Star Trek: The Next Generation started out pretty well when it came to gender roles. It had a female chief of security and men wearing dresses. But then Denise Crosby left the show in the first season and afterwards the show was criticised for having its only principle female characters, Beverly Crusher and Deanna Troi, in caretaker roles. This was the case for years until the show introduced the recurring character Ensign Ro, a former resistance fighter played by Michelle Forbes, in the fifth season. There were plenty of guest female characters in between the first and fifth season who occupied more traditionally male roles as fighters and leaders (perhaps most notably Lt. Commander Shelby from "Best of Both Worlds") but at times the show could be downright regressive as I was reminded last night watching the fifth season episode, "Qpid".
Kids like Q (John de Lancie), I think, because he's very much like a child. And as an omnipotent being he gets to cut through all that boring adult stuff that usually happens on the show. By my twenties, I'd started to find Q annoying but in my thirties I started being mildly amused by him again. In this episode, he wants to pay Picard back for helping him when he briefly lost his powers in the superior third season episode "Deja Q" and he chooses to do so by helping mend fences--or place a permanent barrier between, it's unclear which--Picard and Vash.
Introduced in the also superior third season episode "Captain's Holiday" (I've always said the third season was the best season), Vash is a pretty exciting character, a sly hedonist tomb raider played by Jennifer Hetrick.
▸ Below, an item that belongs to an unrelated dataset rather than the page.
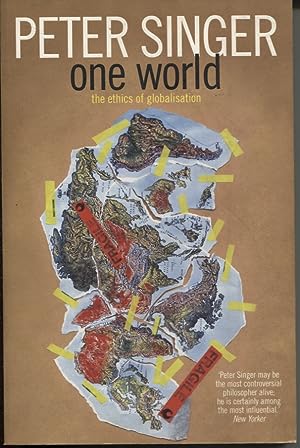 One World: The Ethics of Globalisation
When she visits the Enterprise for the first time in "Qpid" (breaking into Picard's quarters), she's a bit put out to discover that Picard hasn't told anyone about her, despite the fact that the two had been lovers as well as fellow adventurers.
It's a plot that infantilises everyone a little bit. Picard for being so flustered at introducing Vash to his friends and Vash for being so angry that she hasn't been mentioned. The captain of a Federation starship hasn't told his crew that he slept with a thief, and the thief is upset by the faux pas. Does Picard know about everyone Riker's slept with?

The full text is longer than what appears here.